In this image from video, former Minneapolis police Officer Derek Chauvin, center, is taken into custody as his attorney, Eric Nelson, left, looks on, after the verdicts were read at Chauvin's trial for the 2020 death of George Floyd, Tuesday, April 20, 2021, at the Hennepin County Courthouse in Minneapolis, Minn. (Court TV via AP, Pool)

State and local officials as well as legal experts applauded the guilty findings against former Minneapolis police officer Derek Chauvin, who was convicted Tuesday of murder and manslaughter in the death of George Floyd Jr.

The killing of Floyd drew national attention after video showed Chauvin kneeling on Floyd's neck for 9 minutes and 29 seconds as Floyd pleaded for his life, leading to protests and riots across the country. The video was played repeatedly for the jury during the trial over the last three weeks. After little more than 10 hours of deliberation, the jury returned a guilty verdict on all three counts: unintentional second-degree murder while committing a felony, third-degree murder and second-degree manslaughter.

Floyd, a Black man, was killed during an arrest after a store clerk alleged he had passed a counterfeit $20 bill in Minneapolis. Chauvin was one of four police officers who arrived on the scene but was the only one shown kneeling on Floyd's neck.

"I'm not surprised by the verdict," said Lawrence police Chief Roy Vasque. "I expected it.
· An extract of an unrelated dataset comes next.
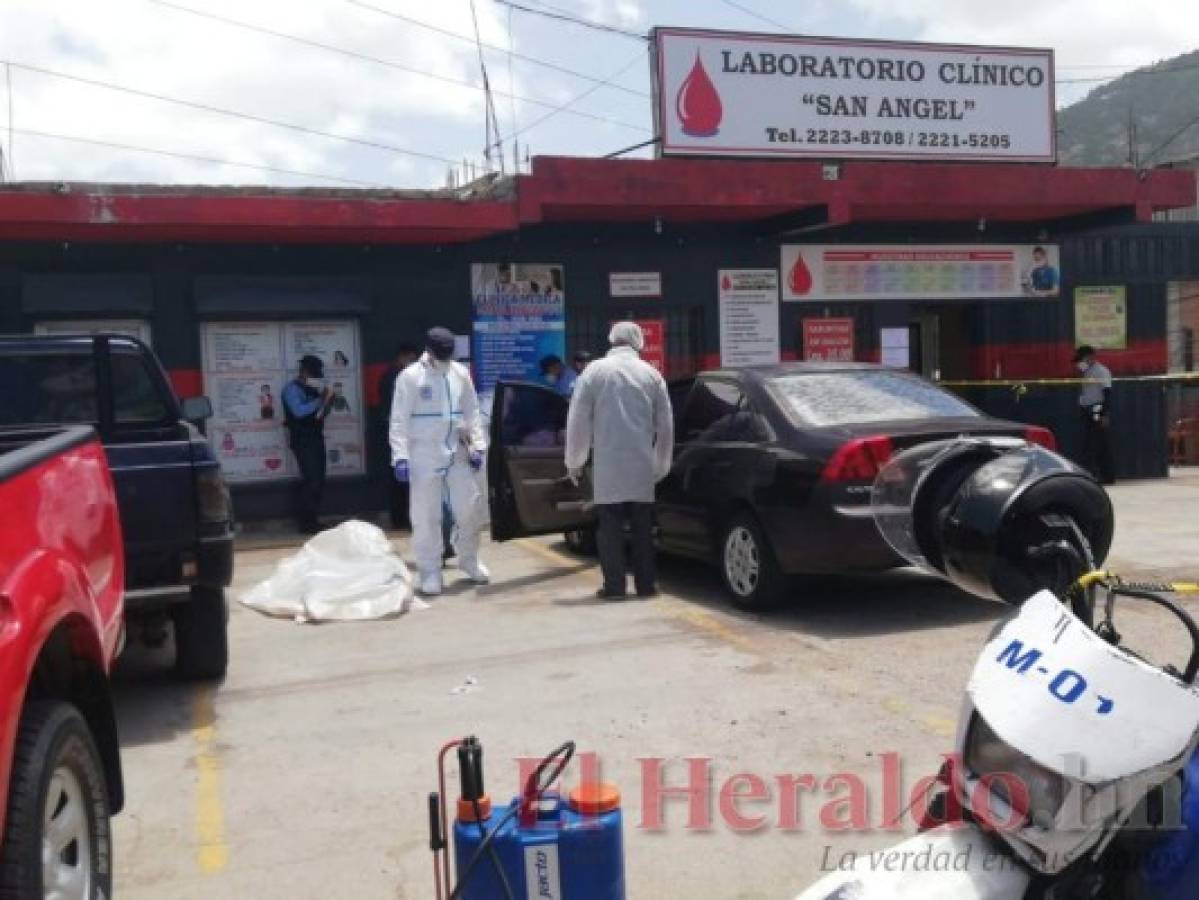 Hombre muere dentro de su auto en parqueo de una clínica en El Carrizal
Based on the evidence of the case anything but a guilty on all three counts would have been another injustice."

U.S. Rep. Seth Moulton, D-Salem, Massachusetts, said "today’s verdict is proof that police officers are not above the law, and equally important, that Black lives matter. Still, a single conviction doesn’t fix our system. Nor does it change the fact policing in the United States has a violent, flawed history. That history will continue to repeat itself if we fail to entirely transform the institution of policing."

He added: "We must root out racist police officers, create systems of accountability within the ranks and establish stronger relationships between cops and the communities they serve. America isn’t a perfect country, but at our best, we believe we can be. It will take work from everyone to finally live up to the promise of America—the promise of liberty and justice for all, including for Black Americans. We can’t wait for the next hashtag to make this a reality.”

Haverhill defense attorney Marsha Kazarosian, who has represented victims of police misconduct, said the verdicts against Chauvin "sent chills down my spine."

"Finally there is some justice and accountability," she said, adding, that the verdicts "were sad for everybody."

She also noted that Chauvin and this case does not represent all police officers.

"So many put their lives on the line to help people and protect them," said Kazarosian, who is considered a civil rights and discrimination expert.

She hopes the verdicts spark a "sea of change" and "a ray of hope for so many people who have had no hope for so long. Even Chauvin being charged was a ray of hope."

Kazarosian has been appointed to the newly created Massachusetts Peace Officer Standards and Training Commission — POST for short. She is one of nine members of the group.

Massachusetts Attorney General Maura Healey said in a joint statement with Nevada Attorney General Aaron Ford, who together co-chair the Democratic Attorneys General Association, that there was "accountability for George Floyd’s murder. But the work for justice continues. Democratic AGs stand in solidarity with people across the country who are fighting to bring equity and fairness to the justice system.

“Today, we recommit to working to end the injustice of police killings without consequence – disproportionately affecting Black, Brown and other communities and families of color.”

She added: “To those marching in the streets for continued justice and progress, know that we stand with you in the fight for reforms, and are working to make sure systemic change happens at the state and federal level.”

Gov. Charlie Baker applauded the verdict and the response from state and local officials across the country who have enacted "significant law enforcement reforms, including here in Massachusetts.

“Massachusetts enacted one of the most comprehensive police training, transparency and accountability laws in the country at the end of last year. We owe it to all those whose lives have been lost to do all we can to successfully implement that law, and sustain its aspirations far into the future.”

Baker added, "Nothing can reverse the pain, suffering and agony of George Floyd’s family and friends, but this decision does make clear that Officer Chauvin was not above the law. He was given a fair trial, found guilty, and he will pay a price for his actions."

Baker signed an order that will make up to 1,000 members of the Massachusetts National Guard available in the event that local officials request their assistance in case of unrest in Boston.

“As we do for all potential large-scale gatherings in the Commonwealth, the Executive Office of Public Safety and Security has been working with our local, state, and federal partners to ensure public safety personnel can be on hand if the need arises,” said EOPSS Secretary Thomas Turco. “These are standard precautionary measures to protect the rights and safety of all residents, and there is no indication of any public safety risk in Massachusetts.”

Andover police Lt. Eddie Guy said members of the Andover Police Department were deployed to Boston as part of NEMLEC, a regional SWAT team.